In [None]:
%reload_ext autoreload
%autoreload 2

import numpy as np
import pandas as pd
import ppscore as pps
import sys

from loguru import logger
from matplotlib import pyplot as plt
from pathlib import Path

sys.path.append(str(Path.cwd().parent))
from settings.params import *

pd.set_option("display.max_columns", None)
pd.set_option("display.max_rows", 100)

In [None]:
data = pd.read_csv(RAW_DATA)
TARGET_NAME = MODEL_PARAMS['TARGET_NAME']

# Data Preparation


## Handling Missing Values and Cleaning Data


In [None]:
data.isna().sum()

We can populate some of the the missing information in some columns with simple strategies


In [None]:
# If there are no second and third property usage types, replace NaN with "No Use"
data[['ThirdLargestPropertyUseType', 'SecondLargestPropertyUseType']] = data[['ThirdLargestPropertyUseType', 'SecondLargestPropertyUseType']].fillna('No Use')

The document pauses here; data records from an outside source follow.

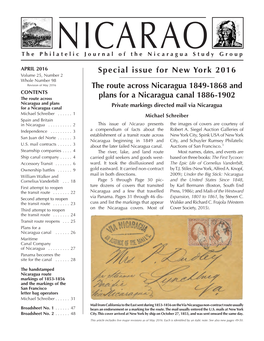 The Route Across Nicaragua 1849-1868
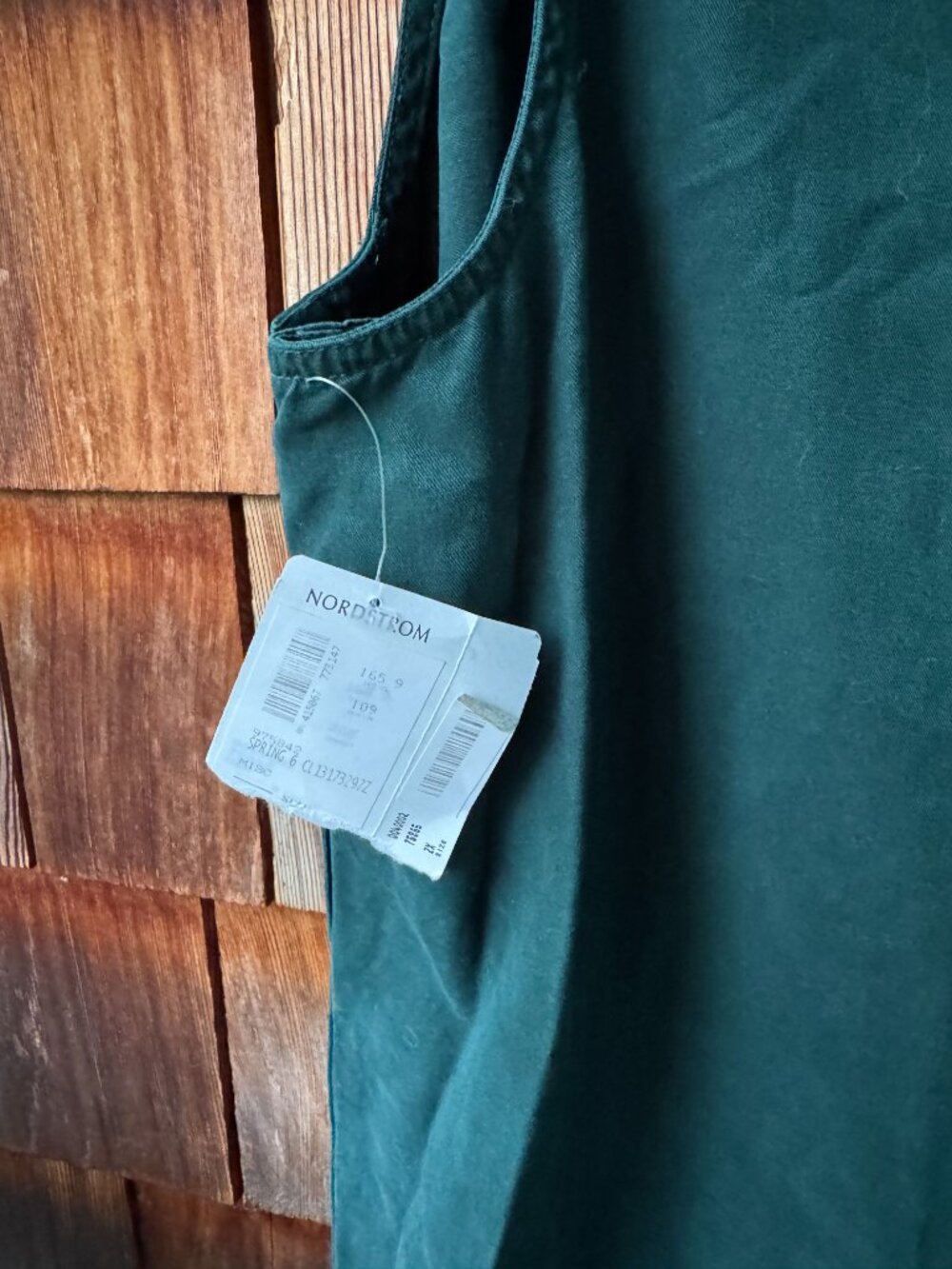 NWT Nordstrom Forest Green Vintage 90's Jumper Pocket Dress in Women's 2X - Picture 6 of 8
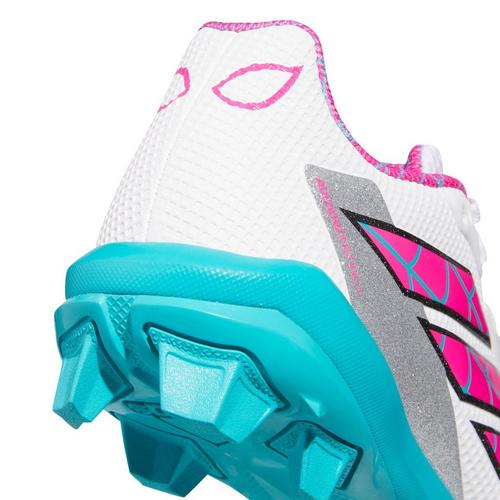 adidas Kids' Marvel Adizero Impact 2.0 MD Ghost Spider Softball Cleats, Size 4, White/Pink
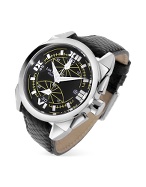 Locman Crazy Horse Black Women` Chronograph Watch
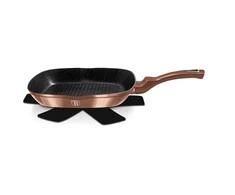 GRILINĖ KEDA 28x28cm BERLINGER HAUS ROSE GOLD NOIR BH-1889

# If there are no second and third property usage types, replace GFA with 0
data[['ThirdLargestPropertyUseTypeGFA', 'SecondLargestPropertyUseTypeGFA']] = data[['ThirdLargestPropertyUseTypeGFA', 'SecondLargestPropertyUseTypeGFA']].fillna(0, )

# If LargestPropertyUseType is missing, replace with No Information
data['LargestPropertyUseType'] = data['LargestPropertyUseType'].fillna('No information')

In [None]:
# If the row is neither a high or low outlier, replace missing value with 'normal'
data['Outlier'].replace(np.nan,'normal', inplace=True)

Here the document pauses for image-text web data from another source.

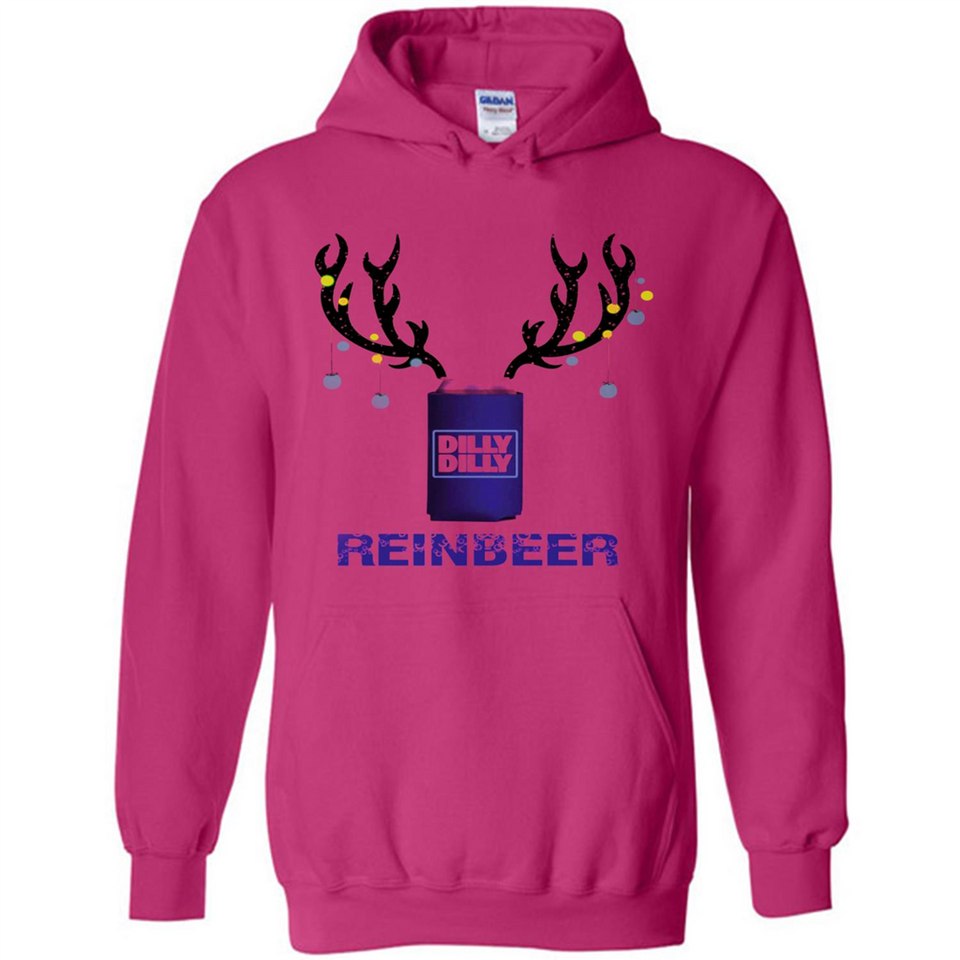 Dilly Dilly Reinbeer Funny Beer Reindeer Christmas Sporty - Hoodie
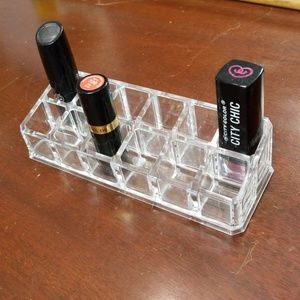 Acrylic lipstic/gloss holder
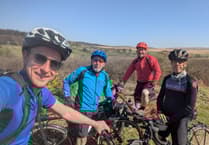Four men take on 120-mile cycle challenge for charity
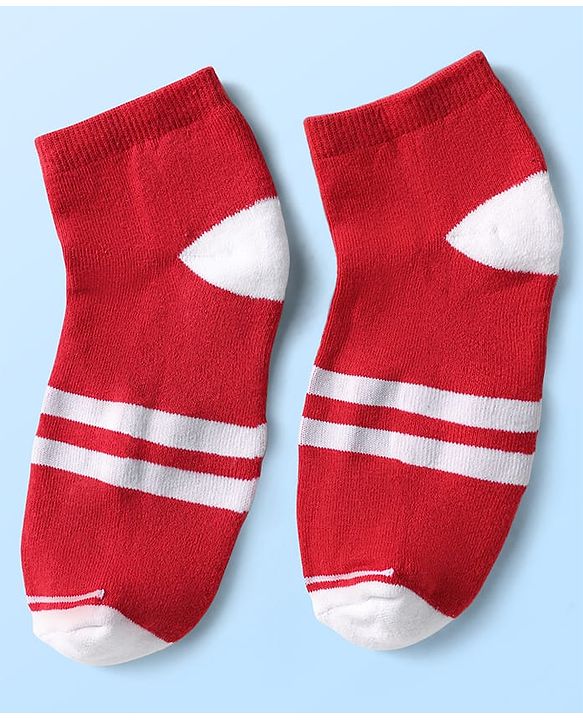 Pine Kids Knit Ankle Length Socks with Stripe Design Pack of 5 - Color May Vary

We are now going to drop the rows of the dataset marked as being non-compliant. When a record is indicated as such, it means that the information collected about it is erronous. We cannot feed that data to our model.


In [None]:
indexes_to_drop = data[data['ComplianceStatus'] == 'Non-Compliant'].index
data.drop(indexes_to_drop, inplace=True, axis=0)

In [None]:
data.isna().sum()

Next we can drop the rows for which we the compliance status indicate missing data. For those rows, the energy consumption is zero on the dataset.


In [None]:
indexes_to_drop = data[data['ComplianceStatus'] == 'Missing Data'].index
data.drop(indexes_to_drop, inplace=True, axis=0)

The are also other rows for which energy consumption is 0 or Nan. Some records indicate 0 electricity consumption or have a missing value for that column. They are going to be dropped from the dataset.


In [None]:
# Remaining records indicating no energy usage
data[data[TARGET_NAME] == 0]

In [None]:
# Records indicating no electricity usage
data[data['Electricity(kWh)'] == 0]

In [None]:
# Records having a missing value for electricity usage
data[data['Electricity(kWh)'].isna()]

In [None]:
index_to_drop = data[(data[TARGET_NAME] == 0) | (data[TARGET_NAME].isna()) | (data['Electricity(kBtu)'] == 0) | (data['Electricity(kBtu)']).isna()].index
print(index_to_drop)
print(f'there are {len(index_to_drop)} samples with 0 energy consumption reported -> Drop')
data.drop(index_to_drop, inplace=True, axis=0)

In [None]:
data.isna().sum()

In this step, we are going to correct the apparent incoherences in the columns NumberOfFloors and NumberOfBuildings. As shown below, some records have values of 0 for them. We'll also replace the missing values for them.


In [None]:
# NumberOfFloors Value counts
data["NumberofFloors"].value_counts()

In [None]:
# NumberOfBuildings Value Counts
data["NumberofBuildings"].value_counts()

In [None]:
# Replace missing values and zeros in NumberOfFloors with the most representative value
data['NumberofFloors'].replace(np.nan, 3, inplace=True)
data['NumberofFloors'].replace(0, 3, inplace=True)

In [None]:
# Replace missing values and zeros in NumberOfBuildings with the most representative value
data['NumberofBuildings'].replace(np.nan, 1, inplace=True)
data['NumberofBuildings'].replace(0, 1, inplace=True)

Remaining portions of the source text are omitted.